About this exercise => Wherever "Baby" occurs in the entries, copy the line that holds it.

Saved data entries =>

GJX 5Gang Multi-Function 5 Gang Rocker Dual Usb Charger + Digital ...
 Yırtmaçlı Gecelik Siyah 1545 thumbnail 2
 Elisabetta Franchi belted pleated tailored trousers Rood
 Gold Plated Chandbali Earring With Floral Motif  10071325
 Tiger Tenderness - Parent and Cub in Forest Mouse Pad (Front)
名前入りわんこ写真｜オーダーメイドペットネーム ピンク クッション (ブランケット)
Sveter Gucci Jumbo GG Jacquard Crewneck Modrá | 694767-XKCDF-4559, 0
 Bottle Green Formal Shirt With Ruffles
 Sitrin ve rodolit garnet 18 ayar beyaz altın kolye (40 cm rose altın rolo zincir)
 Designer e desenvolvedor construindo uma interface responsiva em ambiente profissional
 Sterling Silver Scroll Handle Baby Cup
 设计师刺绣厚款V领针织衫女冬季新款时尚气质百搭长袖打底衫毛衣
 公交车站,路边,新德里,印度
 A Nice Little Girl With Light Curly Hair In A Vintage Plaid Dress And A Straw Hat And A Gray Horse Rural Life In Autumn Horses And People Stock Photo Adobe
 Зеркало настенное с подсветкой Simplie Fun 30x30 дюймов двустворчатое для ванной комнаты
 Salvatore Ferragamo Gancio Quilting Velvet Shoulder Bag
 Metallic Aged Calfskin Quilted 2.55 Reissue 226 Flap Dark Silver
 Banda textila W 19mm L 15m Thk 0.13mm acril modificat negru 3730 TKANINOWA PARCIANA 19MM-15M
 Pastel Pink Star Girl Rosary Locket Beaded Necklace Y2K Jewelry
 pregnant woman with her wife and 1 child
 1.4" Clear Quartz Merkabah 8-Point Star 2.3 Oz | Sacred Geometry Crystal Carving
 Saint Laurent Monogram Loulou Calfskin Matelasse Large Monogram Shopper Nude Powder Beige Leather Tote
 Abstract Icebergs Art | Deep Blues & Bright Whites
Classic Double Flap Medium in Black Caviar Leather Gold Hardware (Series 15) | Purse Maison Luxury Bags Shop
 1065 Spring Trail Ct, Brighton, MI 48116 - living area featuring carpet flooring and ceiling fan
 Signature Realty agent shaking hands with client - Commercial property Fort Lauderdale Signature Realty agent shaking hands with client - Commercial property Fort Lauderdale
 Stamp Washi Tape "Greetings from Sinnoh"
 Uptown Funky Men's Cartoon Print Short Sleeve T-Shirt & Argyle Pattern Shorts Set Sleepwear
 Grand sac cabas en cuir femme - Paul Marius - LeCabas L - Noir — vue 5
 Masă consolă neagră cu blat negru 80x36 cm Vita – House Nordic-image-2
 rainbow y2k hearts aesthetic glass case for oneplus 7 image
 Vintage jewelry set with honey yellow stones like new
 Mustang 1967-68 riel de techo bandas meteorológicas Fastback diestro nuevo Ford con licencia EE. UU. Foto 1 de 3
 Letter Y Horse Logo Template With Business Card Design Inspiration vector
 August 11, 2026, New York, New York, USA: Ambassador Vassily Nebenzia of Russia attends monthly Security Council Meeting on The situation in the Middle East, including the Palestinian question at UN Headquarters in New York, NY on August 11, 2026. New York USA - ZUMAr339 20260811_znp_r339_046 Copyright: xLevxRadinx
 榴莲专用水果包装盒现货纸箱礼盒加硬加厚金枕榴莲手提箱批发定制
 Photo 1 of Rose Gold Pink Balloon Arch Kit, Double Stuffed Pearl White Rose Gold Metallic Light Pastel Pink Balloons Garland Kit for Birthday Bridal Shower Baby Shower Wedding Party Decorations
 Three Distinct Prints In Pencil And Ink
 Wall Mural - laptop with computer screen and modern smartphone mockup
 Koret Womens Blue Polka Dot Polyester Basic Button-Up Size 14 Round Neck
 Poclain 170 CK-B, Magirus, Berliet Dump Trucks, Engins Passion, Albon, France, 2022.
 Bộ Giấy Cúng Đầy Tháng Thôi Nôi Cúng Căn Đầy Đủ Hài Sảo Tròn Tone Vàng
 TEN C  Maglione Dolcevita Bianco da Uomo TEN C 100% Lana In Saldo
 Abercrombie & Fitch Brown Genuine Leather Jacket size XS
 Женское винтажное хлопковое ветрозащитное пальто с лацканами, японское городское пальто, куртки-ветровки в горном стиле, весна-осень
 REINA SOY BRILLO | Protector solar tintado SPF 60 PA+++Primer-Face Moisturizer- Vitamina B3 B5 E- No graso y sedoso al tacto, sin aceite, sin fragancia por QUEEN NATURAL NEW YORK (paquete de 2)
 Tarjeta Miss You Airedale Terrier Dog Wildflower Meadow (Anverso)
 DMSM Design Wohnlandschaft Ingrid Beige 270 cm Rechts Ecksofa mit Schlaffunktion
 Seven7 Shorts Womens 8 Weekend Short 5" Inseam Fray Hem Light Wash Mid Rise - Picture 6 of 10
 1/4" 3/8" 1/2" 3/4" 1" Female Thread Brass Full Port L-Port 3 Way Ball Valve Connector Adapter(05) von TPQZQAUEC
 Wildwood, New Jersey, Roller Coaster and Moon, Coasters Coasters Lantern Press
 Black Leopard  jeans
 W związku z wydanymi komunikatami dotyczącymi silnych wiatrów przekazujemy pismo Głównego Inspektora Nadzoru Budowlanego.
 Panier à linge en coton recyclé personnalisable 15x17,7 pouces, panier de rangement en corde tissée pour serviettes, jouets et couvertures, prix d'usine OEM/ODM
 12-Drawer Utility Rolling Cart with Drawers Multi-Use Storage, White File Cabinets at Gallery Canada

Completed exercise =>
 Sterling Silver Scroll Handle Baby Cup
 Photo 1 of Rose Gold Pink Balloon Arch Kit, Double Stuffed Pearl White Rose Gold Metallic Light Pastel Pink Balloons Garland Kit for Birthday Bridal Shower Baby Shower Wedding Party Decorations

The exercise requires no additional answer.